**ASSIGNMENT**
A faithful retyping of every entry below is wanted, with images left out.

[Start of section]

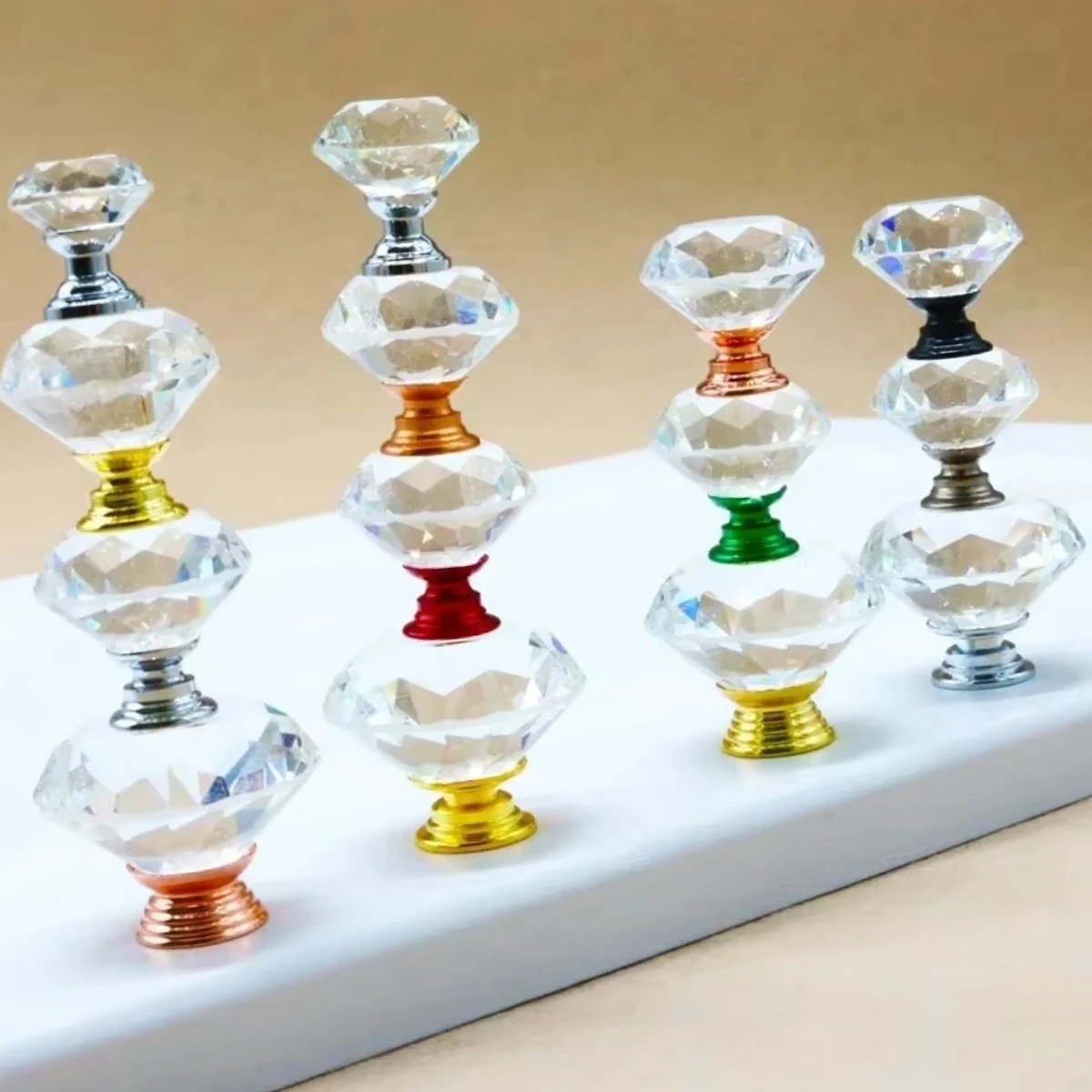 20mm 30mm 40mm Diamond Diamond Shape Colorful Crystal Glass Knobs Cupboard Drawer Pull Door Kitchen Cabinet Wardrobe Handles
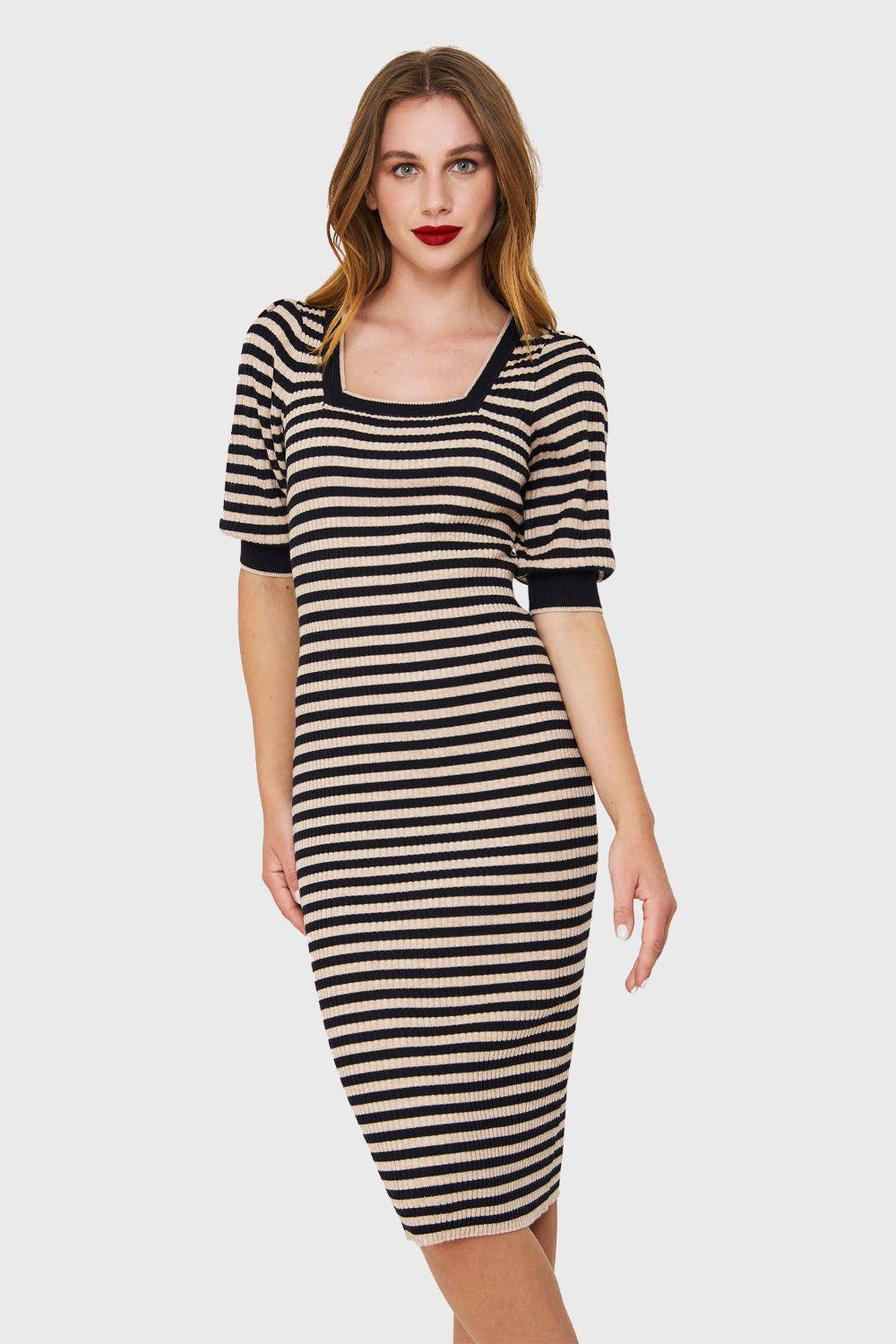 Vestido Acanalado Rayado Beige/Azul Marino Nicopoly-0
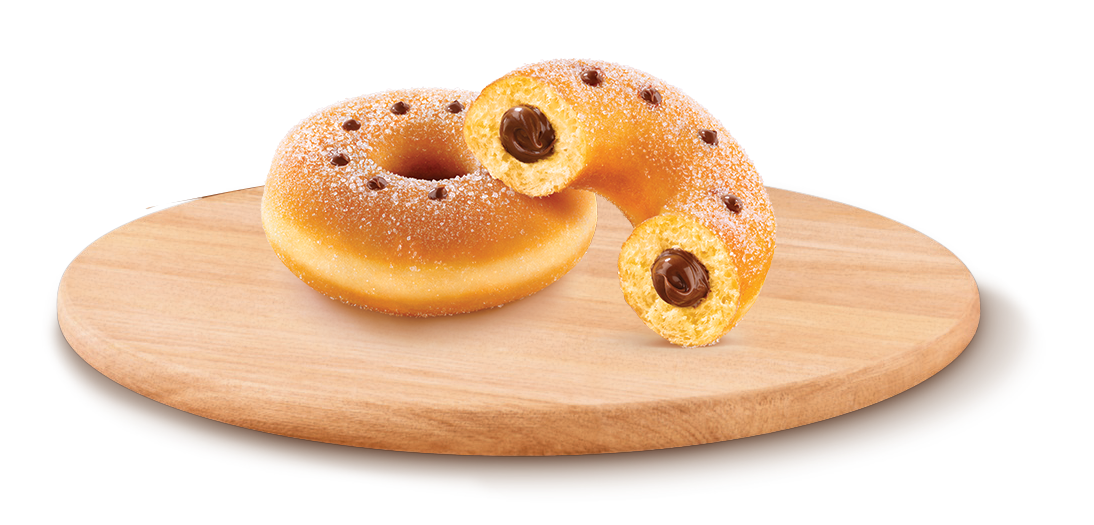 Two nutella filled donuts, one whole and one halved on top of a circular wooden chopping board.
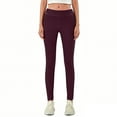 thumbnail image 2 of Workout Jean Leggings for Women with Pockets Stretch Faux-Denim Long Pants High Waist Yoga Casual Trousers (M, Purple), 2 of 8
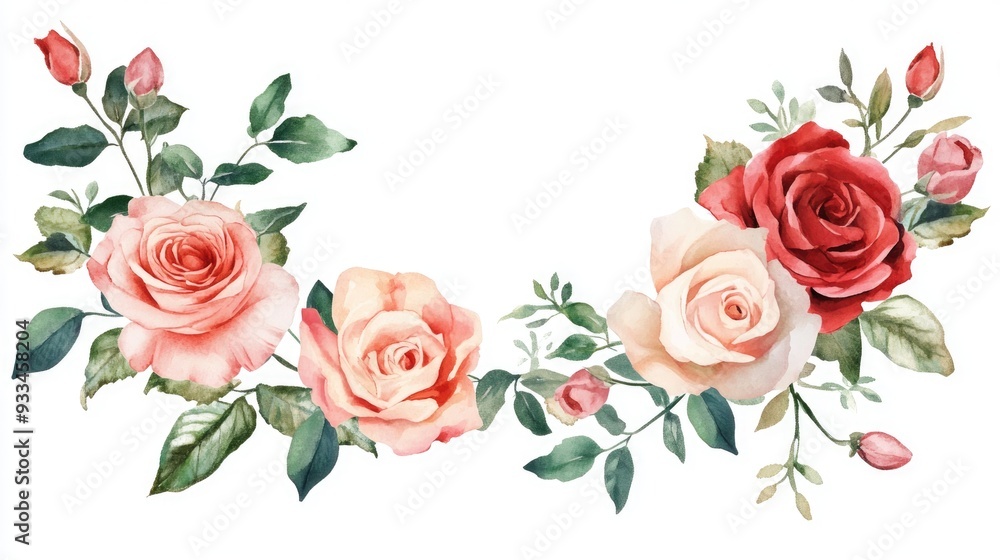 Roses in a watercolor wreath design Roses in a watercolor wreath design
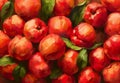 Vibrant Visions: A Closeup of Red Apples on a Round Table, Paint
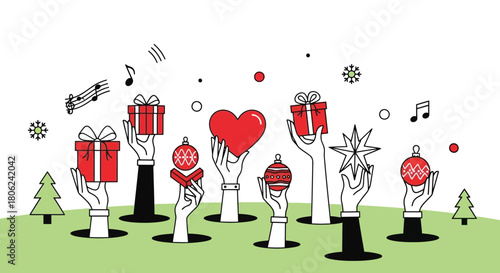 Illustrating the spirit of giving and holiday cheer with hands holding gifts and ornaments on a green background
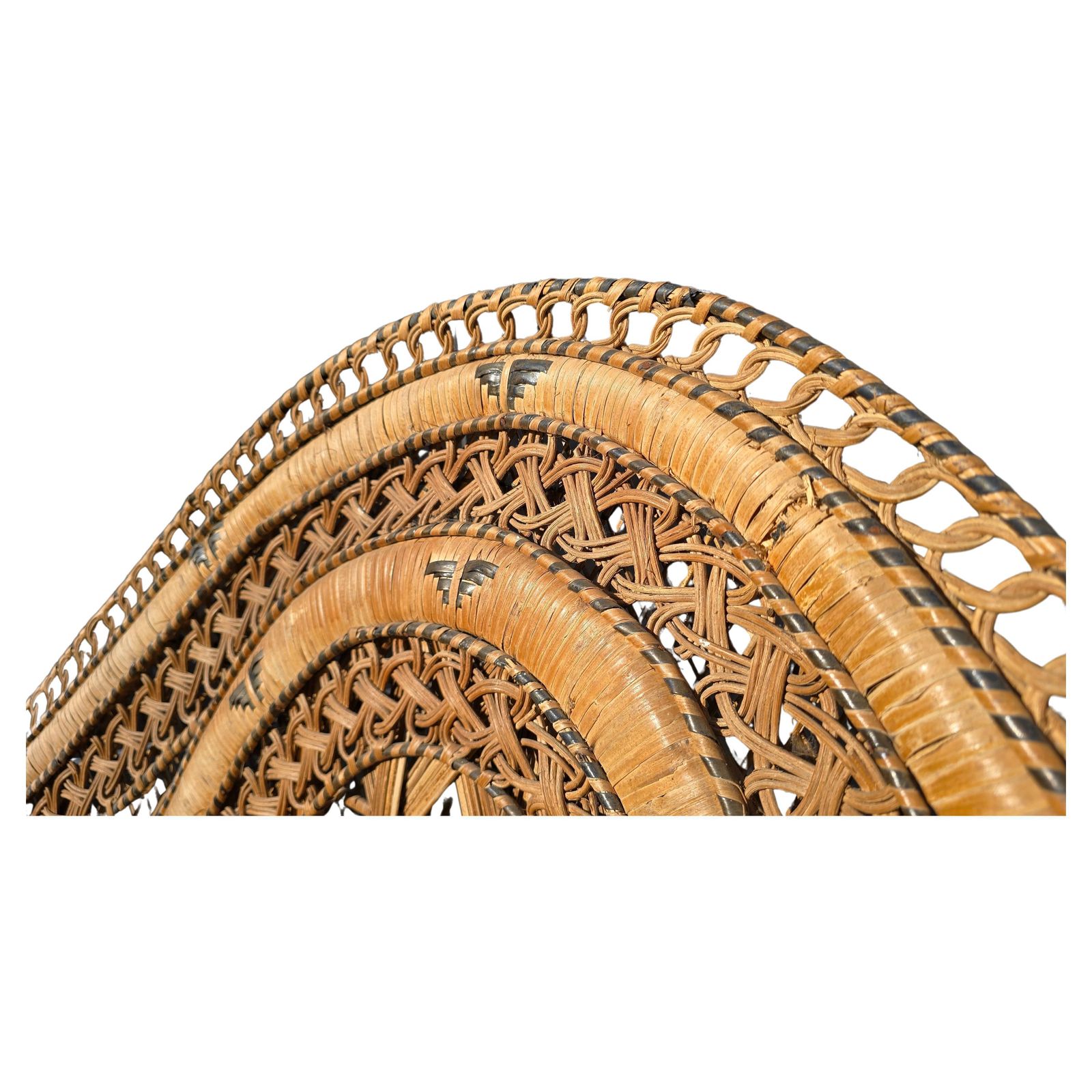 photo for sale Large Handwoven Rattan Peacock Chair, Southeast Asia, 1960s–1970s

[End of section]

**YOUR SOLUTION**
 20mm 30mm 40mm Diamond Diamond Shape Colorful Crystal Glass Knobs Cupboard Drawer Pull Door Kitchen Cabinet Wardrobe Handles
 Vestido Acanalado Rayado Beige/Azul Marino Nicopoly-0
 Two nutella filled donuts, one whole and one halved on top of a circular wooden chopping board.
 thumbnail image 2 of Workout Jean Leggings for Women with Pockets Stretch Faux-Denim Long Pants High Waist Yoga Casual Trousers (M, Purple), 2 of 8
 Roses in a watercolor wreath design Roses in a watercolor wreath design
 Vibrant Visions: A Closeup of Red Apples on a Round Table, Paint
 Illustrating the spirit of giving and holiday cheer with hands holding gifts and ornaments on a green background
 photo for sale Large Handwoven Rattan Peacock Chair, Southeast Asia, 1960s–1970s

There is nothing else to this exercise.